Given data:
--*--

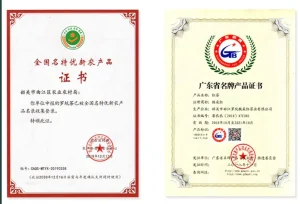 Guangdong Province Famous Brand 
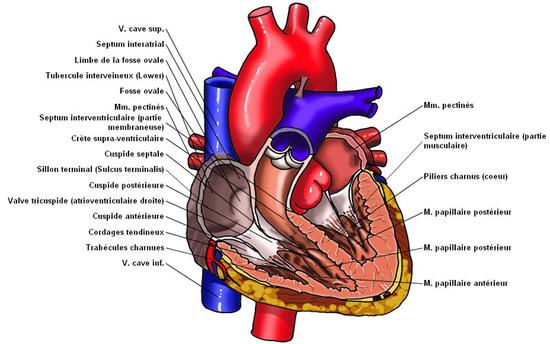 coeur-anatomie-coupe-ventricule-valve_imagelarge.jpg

--*--

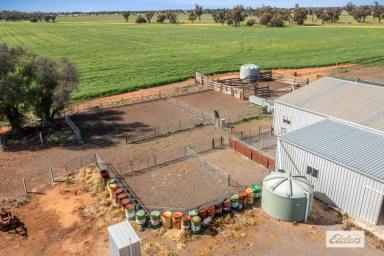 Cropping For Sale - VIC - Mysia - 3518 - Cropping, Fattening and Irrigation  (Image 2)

--*--

Task statement: Above are the records; please give again, exactly and in full, only the lines that run from the line with "Guangdong Province Famous Brand" through the line with "coeur-anatomie-coupe-ventricule-valve_imagelarge.jpg", with no pictures.

Response:
 Guangdong Province Famous Brand 
 coeur-anatomie-coupe-ventricule-valve_imagelarge.jpg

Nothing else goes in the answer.